By Terry Tinkess
AgriNews Staff Writer

It seems that with every new advancement in science and technology, entire new series of problems develop that usually don’t have to be dealt with by the ones responsible for the advancements. Solar power could be considered as such a situation.

The movement to green energy sources has led to a rapid growth of roof-top solar panels. Many businesses and homeowners have seen an opportunity to not only reduce the cost of their electrical usage, but in some cases even reap the rewards of being able to send the surplus back to the grid. Better for the environment and a cost savings for the end user, so apparently a win-win situation, right? Not everyone is in total agreement with that assessment.

As early as 2013, alarms were being sounded by professional firefighters that these rooftop panels presented a new hazard to the steps, they normally take in combating a structural blaze.

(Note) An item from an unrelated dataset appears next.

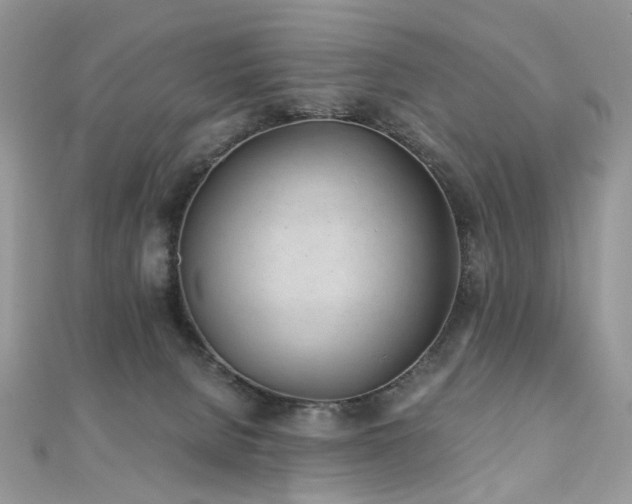 X0000110870080200906181211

Normal practice would be to cut a hole in the roof decking to allow heat and super-heated gases to escape. With rooftop solar panels installed, however, there were concerns that even if the panels were “turned off” at the panel, that they could still be generating electrical current. There were also concerns that the weight on existing roof structures would make them prone to collapse faster and even that the surface of the panels would make it easier to slip and fall off the roof.

As the building industry played catchup, there were changes that necessitated the requirement for a building permit in some situations, as well as the regulation that a building could not exist solely to provide a place to install panels. According to Jacob Forget, the chief building official for the township of North Dundas, there haven’t been any recent additional changes.

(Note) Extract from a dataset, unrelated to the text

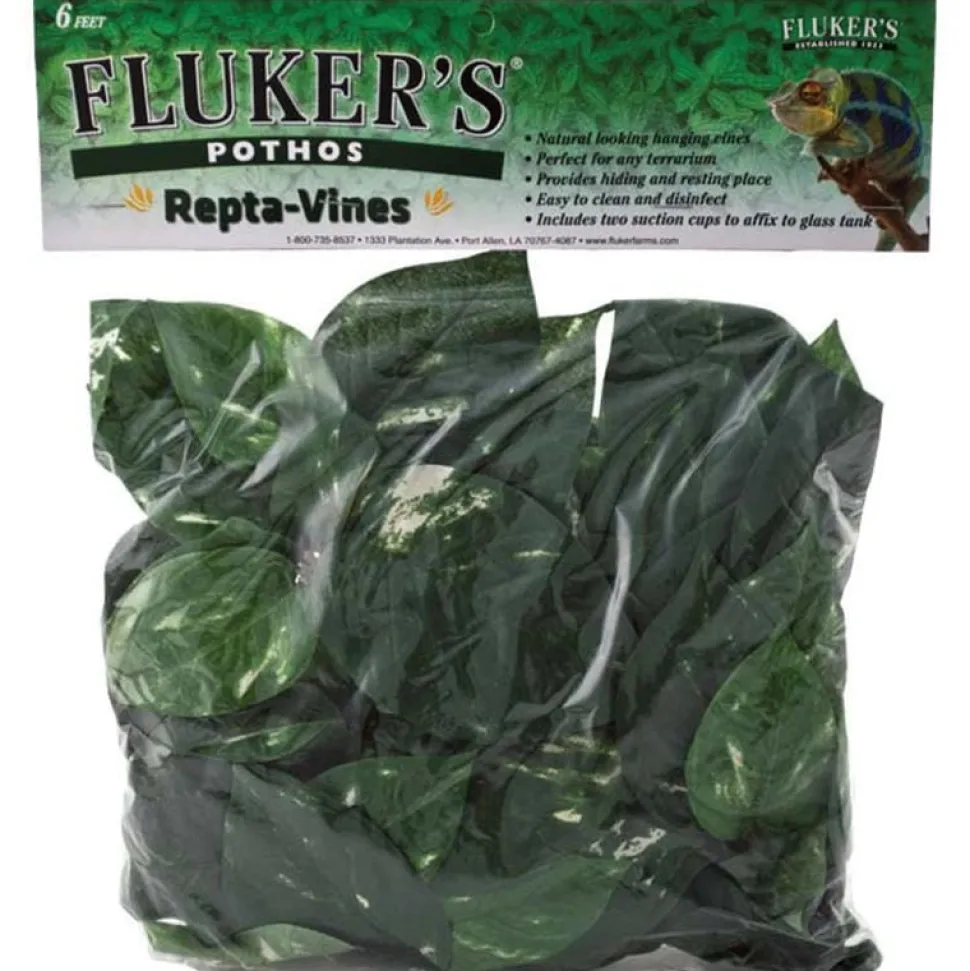 Fluker's Repta-Vines - Pothos - 6"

“There were no recent changes in the building code with regards to solar panels that I am aware of,” said Forget. “Depending on size of the solar panels, they may need a building permit which is inspected by building inspectors and the electrical safety authority. The fire departments are typically not involved in [this type] of installation/permit process.”

Firefighters have a long history of problem solving, and if there is a way to safely do their job, they will find a way to do so. When the housing industry moved from dimension lumber in construction to materials such as OSB panels, they changed their approach knowing that burn times had been shortened and when modern material burned, they could release gases that could be carcinogenic.

According to the International Association of Fire Fighters, rooftop solar panels pose an increased risk of electrocution for firefighters. However, this problem can be mitigated by knowing your system and how it was installed. Being able to shut down systems in accordance with electric code requirements can help protect first responders. Clear labelling of the different components is essential.

In all cases, the safest approach is to assume that the panels are live. Never take it for granted that they aren’t.

As the technology continues to develop and new approaches to installation and safety are developed, it is important that the voices of all involved parties are heard. Everyone wants to have access to cheap electricity and being able to move toward a greener environment is something to strive for, but not at the cost of anyone not being able to make it home at the end of their shift.